*WHAT YOU WILL DO*.
In the records below, find the line holding "Pimenta dioica" and the line holding "bats control services". Set down both, with every line between them, exactly.

*EXERCISE INPUT*.

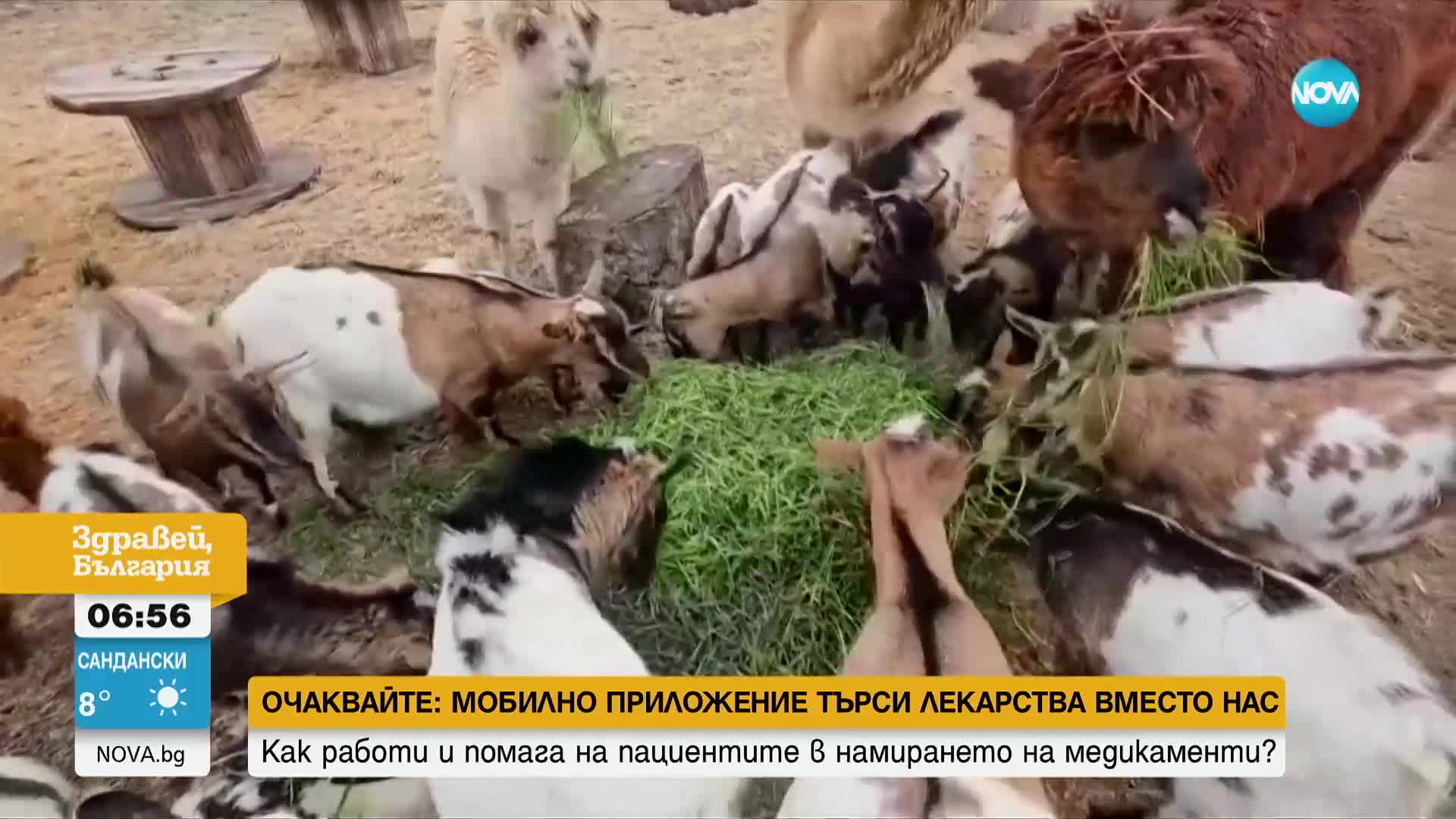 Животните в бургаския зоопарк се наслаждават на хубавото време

...

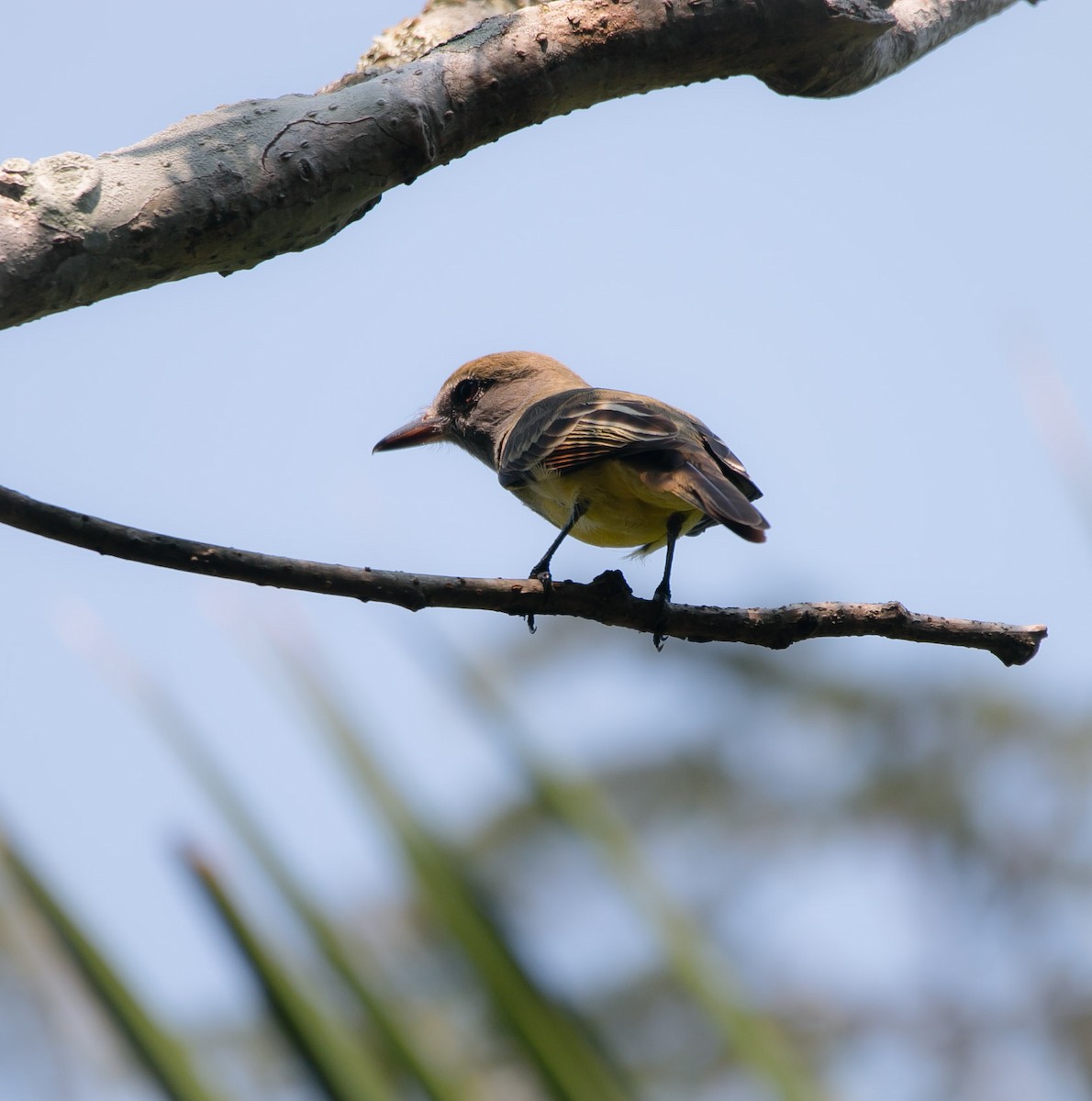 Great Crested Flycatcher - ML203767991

...

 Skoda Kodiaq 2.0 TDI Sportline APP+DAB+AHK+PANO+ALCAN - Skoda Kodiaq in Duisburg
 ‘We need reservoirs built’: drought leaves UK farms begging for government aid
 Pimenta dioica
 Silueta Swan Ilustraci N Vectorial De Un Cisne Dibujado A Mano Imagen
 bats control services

*COMPLETED EXERCISE*.
 Pimenta dioica
 Silueta Swan Ilustraci N Vectorial De Un Cisne Dibujado A Mano Imagen
 bats control services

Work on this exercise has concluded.